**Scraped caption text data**
◇ ◇ ◇ ◇ ◇ ◇ ◇

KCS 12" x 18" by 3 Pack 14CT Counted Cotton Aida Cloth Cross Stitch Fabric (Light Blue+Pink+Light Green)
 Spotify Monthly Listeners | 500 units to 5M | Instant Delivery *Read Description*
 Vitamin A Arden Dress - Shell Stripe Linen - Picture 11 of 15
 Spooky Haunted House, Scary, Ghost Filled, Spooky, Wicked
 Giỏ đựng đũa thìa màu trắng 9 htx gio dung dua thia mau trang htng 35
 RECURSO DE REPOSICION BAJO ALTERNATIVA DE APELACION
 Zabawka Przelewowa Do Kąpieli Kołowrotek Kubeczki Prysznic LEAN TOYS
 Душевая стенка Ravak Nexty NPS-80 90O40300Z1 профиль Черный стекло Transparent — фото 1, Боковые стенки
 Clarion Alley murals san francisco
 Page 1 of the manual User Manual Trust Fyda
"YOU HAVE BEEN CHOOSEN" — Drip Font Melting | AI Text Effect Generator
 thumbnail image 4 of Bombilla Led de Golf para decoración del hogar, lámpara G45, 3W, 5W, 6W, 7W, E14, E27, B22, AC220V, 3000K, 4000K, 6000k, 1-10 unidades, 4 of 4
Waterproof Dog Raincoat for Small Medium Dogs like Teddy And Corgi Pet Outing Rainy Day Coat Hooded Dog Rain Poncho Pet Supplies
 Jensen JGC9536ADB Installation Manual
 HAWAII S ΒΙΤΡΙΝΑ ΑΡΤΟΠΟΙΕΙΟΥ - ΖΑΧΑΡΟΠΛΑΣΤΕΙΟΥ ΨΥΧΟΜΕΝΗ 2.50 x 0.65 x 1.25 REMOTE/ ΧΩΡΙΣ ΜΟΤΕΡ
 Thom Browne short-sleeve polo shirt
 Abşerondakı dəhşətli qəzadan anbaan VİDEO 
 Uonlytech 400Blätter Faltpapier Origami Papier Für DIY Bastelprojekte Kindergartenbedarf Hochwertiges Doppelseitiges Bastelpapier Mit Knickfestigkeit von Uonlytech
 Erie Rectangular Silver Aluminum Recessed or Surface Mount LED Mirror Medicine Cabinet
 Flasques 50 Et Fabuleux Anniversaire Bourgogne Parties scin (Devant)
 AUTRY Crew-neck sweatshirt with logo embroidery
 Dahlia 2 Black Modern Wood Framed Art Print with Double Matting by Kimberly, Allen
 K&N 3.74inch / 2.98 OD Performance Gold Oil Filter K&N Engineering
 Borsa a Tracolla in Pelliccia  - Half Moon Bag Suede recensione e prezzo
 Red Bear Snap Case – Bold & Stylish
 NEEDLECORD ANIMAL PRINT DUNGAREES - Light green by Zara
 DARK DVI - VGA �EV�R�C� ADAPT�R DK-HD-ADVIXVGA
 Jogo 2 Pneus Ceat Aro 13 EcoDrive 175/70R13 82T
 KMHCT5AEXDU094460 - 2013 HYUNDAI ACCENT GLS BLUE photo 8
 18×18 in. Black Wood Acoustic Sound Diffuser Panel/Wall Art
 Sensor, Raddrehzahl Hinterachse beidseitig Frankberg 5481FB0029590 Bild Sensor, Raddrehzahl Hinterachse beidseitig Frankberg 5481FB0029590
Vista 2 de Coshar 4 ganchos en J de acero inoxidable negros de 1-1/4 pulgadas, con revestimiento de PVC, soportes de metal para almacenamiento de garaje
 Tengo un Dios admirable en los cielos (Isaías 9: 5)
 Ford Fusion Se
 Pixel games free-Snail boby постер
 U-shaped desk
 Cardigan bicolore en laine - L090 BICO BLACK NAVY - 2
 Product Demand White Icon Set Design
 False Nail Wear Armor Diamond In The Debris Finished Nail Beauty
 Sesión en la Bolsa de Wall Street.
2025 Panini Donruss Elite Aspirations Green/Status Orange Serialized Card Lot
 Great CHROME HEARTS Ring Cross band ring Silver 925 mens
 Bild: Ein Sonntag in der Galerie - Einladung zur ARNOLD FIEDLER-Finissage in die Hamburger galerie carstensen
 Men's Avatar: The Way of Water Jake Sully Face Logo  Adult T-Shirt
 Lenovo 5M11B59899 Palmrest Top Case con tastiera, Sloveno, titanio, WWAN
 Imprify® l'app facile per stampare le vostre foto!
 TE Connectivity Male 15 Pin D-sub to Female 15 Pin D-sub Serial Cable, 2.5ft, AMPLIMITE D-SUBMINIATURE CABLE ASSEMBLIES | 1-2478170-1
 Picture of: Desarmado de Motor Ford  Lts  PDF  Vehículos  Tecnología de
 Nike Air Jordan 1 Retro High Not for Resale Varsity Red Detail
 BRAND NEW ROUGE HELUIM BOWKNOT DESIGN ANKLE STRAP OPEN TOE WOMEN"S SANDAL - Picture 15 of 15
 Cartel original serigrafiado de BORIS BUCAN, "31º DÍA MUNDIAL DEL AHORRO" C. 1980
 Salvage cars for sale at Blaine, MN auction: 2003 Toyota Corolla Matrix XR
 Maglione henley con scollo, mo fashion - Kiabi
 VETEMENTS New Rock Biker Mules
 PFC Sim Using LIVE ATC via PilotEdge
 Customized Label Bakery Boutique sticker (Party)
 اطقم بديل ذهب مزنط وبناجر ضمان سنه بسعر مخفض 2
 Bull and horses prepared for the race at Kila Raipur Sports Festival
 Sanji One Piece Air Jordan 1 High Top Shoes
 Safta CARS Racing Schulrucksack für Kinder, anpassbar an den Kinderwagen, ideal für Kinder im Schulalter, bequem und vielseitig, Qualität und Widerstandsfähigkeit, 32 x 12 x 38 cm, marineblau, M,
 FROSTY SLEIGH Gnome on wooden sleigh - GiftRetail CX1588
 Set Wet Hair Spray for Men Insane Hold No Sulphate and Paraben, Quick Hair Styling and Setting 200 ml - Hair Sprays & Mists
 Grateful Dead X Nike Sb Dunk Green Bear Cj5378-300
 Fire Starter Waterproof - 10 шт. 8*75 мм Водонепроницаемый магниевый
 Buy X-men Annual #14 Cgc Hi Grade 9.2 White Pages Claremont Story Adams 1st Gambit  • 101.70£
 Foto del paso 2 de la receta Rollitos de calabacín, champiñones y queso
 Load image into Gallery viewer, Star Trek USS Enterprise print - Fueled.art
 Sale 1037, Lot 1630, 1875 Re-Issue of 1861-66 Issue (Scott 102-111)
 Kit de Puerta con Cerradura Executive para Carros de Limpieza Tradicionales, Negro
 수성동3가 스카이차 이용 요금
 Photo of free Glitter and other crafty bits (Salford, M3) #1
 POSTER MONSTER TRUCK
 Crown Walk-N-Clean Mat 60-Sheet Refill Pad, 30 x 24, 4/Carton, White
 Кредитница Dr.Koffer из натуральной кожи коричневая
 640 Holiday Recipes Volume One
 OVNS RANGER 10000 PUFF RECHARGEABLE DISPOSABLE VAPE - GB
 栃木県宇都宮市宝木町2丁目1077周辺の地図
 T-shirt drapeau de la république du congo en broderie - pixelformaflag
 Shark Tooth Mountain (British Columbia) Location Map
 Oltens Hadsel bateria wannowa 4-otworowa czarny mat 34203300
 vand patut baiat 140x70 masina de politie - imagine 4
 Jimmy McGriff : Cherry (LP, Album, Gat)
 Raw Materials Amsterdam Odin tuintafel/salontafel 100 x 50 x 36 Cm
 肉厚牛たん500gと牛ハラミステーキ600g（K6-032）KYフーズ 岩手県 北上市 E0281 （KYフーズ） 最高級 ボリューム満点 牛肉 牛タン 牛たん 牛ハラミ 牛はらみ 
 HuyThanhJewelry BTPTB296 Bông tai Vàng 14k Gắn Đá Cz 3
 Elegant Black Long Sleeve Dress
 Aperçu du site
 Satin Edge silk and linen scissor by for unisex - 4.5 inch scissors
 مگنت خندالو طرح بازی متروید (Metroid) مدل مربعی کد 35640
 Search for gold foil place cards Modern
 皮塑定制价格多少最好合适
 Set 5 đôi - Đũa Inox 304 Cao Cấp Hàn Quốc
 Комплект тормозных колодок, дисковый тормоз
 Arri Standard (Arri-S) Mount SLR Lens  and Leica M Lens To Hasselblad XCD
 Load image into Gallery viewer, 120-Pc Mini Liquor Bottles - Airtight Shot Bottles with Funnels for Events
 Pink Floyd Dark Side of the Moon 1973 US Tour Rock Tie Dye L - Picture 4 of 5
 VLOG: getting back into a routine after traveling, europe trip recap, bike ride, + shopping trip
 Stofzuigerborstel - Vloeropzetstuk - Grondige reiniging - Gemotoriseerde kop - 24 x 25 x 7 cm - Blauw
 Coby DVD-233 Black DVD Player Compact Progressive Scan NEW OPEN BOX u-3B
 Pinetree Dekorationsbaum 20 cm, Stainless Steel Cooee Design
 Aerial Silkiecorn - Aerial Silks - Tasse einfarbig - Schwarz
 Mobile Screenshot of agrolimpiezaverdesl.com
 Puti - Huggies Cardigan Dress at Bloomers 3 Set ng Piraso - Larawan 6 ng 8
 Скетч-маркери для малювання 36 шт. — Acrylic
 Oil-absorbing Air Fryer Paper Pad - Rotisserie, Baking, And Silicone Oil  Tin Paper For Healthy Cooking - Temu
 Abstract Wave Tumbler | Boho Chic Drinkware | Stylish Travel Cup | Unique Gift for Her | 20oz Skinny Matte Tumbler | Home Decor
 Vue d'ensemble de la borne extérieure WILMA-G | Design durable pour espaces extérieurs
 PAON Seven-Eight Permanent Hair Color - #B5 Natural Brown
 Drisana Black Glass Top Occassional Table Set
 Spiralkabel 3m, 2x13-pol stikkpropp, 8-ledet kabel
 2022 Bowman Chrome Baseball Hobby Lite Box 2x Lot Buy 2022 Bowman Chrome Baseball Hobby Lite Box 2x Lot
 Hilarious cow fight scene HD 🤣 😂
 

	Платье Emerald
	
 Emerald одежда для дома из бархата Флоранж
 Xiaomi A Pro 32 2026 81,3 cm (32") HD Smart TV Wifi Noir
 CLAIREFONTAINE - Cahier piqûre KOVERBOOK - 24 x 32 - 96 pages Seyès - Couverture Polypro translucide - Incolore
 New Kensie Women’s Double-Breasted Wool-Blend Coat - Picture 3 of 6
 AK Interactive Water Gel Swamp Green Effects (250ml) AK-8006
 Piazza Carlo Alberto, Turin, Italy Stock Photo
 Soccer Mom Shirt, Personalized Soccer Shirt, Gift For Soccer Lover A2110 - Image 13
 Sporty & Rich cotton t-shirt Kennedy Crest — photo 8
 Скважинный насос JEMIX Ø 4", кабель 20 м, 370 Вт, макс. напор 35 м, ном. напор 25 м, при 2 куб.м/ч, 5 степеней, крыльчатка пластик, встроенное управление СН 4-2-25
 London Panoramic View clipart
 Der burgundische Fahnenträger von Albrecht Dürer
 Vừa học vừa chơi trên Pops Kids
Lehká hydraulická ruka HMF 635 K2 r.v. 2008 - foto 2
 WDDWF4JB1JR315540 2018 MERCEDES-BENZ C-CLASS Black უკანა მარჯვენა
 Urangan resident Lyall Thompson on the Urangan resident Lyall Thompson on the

◇ ◇ ◇ ◇ ◇ ◇ ◇

**EXERCISE PROMPT**
Could you reproduce exactly the lines of the entries above, from the one with "Zabawka Przelewowa Do" through the one with "K&N 3.74inch /", and nothing else?

**ANSWER FOR THE TASK**
 Zabawka Przelewowa Do Kąpieli Kołowrotek Kubeczki Prysznic LEAN TOYS
 Душевая стенка Ravak Nexty NPS-80 90O40300Z1 профиль Черный стекло Transparent — фото 1, Боковые стенки
 Clarion Alley murals san francisco
 Page 1 of the manual User Manual Trust Fyda
"YOU HAVE BEEN CHOOSEN" — Drip Font Melting | AI Text Effect Generator
 thumbnail image 4 of Bombilla Led de Golf para decoración del hogar, lámpara G45, 3W, 5W, 6W, 7W, E14, E27, B22, AC220V, 3000K, 4000K, 6000k, 1-10 unidades, 4 of 4
Waterproof Dog Raincoat for Small Medium Dogs like Teddy And Corgi Pet Outing Rainy Day Coat Hooded Dog Rain Poncho Pet Supplies
 Jensen JGC9536ADB Installation Manual
 HAWAII S ΒΙΤΡΙΝΑ ΑΡΤΟΠΟΙΕΙΟΥ - ΖΑΧΑΡΟΠΛΑΣΤΕΙΟΥ ΨΥΧΟΜΕΝΗ 2.50 x 0.65 x 1.25 REMOTE/ ΧΩΡΙΣ ΜΟΤΕΡ
 Thom Browne short-sleeve polo shirt
 Abşerondakı dəhşətli qəzadan anbaan VİDEO 
 Uonlytech 400Blätter Faltpapier Origami Papier Für DIY Bastelprojekte Kindergartenbedarf Hochwertiges Doppelseitiges Bastelpapier Mit Knickfestigkeit von Uonlytech
 Erie Rectangular Silver Aluminum Recessed or Surface Mount LED Mirror Medicine Cabinet
 Flasques 50 Et Fabuleux Anniversaire Bourgogne Parties scin (Devant)
 AUTRY Crew-neck sweatshirt with logo embroidery
 Dahlia 2 Black Modern Wood Framed Art Print with Double Matting by Kimberly, Allen
 K&N 3.74inch / 2.98 OD Performance Gold Oil Filter K&N Engineering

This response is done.